Interestingly, orthogonal comparisons between parents and hybrids for DTR were highly significant (
p < 0.001) in Perugia in all years and significant in Latina (
p < 0.05) only in 2016 (
Table S1). In all cases, these differences were negatives, indicating that the pools of hybrids were ripening earlier by a few days compared to the parents, therefore indicating the effect of heterosis. In fact, BPH values showed an opposite trend between the two sites; in Perugia 2014 and 2016, as many as 18 and 17 out of 28 hybrids, respectively, showed negative values, while in Latina, we found only four, one, and five out of 28 hybrids showing heterosis for earliness (
Table 8).
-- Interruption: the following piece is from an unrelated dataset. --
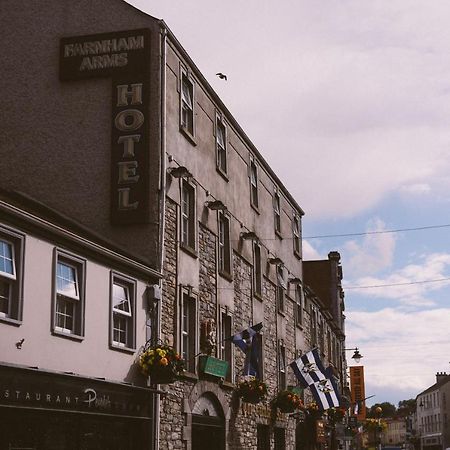 The Farnham Arms Hotel Κάβαν Εξωτερικό φωτογραφία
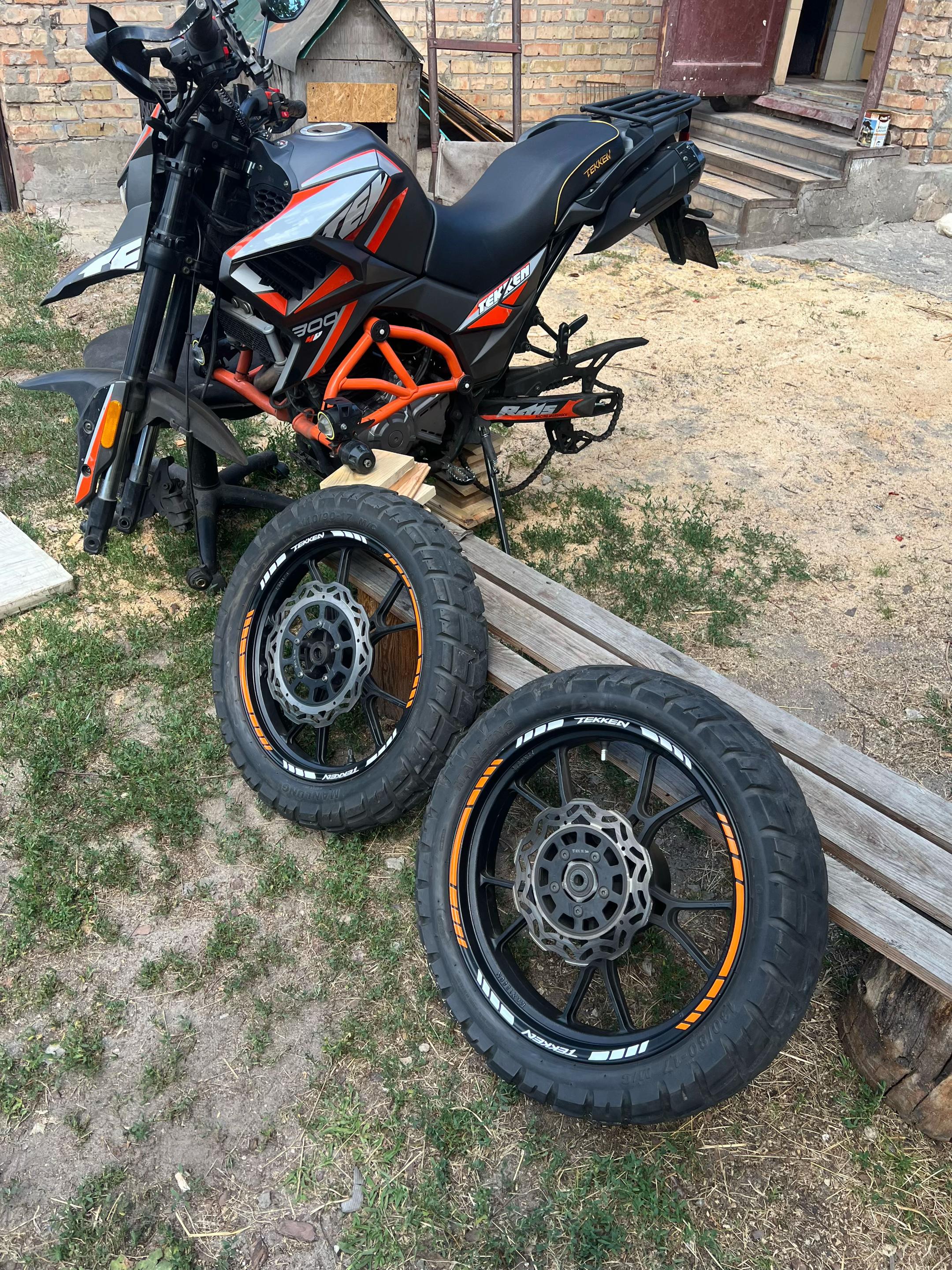 @Кас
Moreover, in Perugia, the crosses with PI414723 as a parent, i.e., Hale’s Best Jumbo × PI414723, Top Mark × PI414723, Vedrantais × PI414723 and Ita1 × PI414723, showed the lowest BPHs, while in Latina, their BPHs were positive.
Narrow sense heritability for earliness (
Table 6) ranged from 0.41 in Perugia 2016 to 0.82 in Latina 2015. Examining all values together, the narrow sense heritability was always higher in Latina than in Perugia, indicating that, in the case of selection for earliness, this must be conducted separately in each location, and Latina seems to be more suitable than Perugia, as resulted from the magnitude of their respective error variances (σ
2E).
Similar to yield per plant, for earliness, no significant correlations were found between GD on one side and LsM, SCA effects, BPH, and MPH values on the other. Even using all traits together in a multivariate dimension (Mahalanobis’ and Euclidean distances), it was not possible to find a correlation with GD.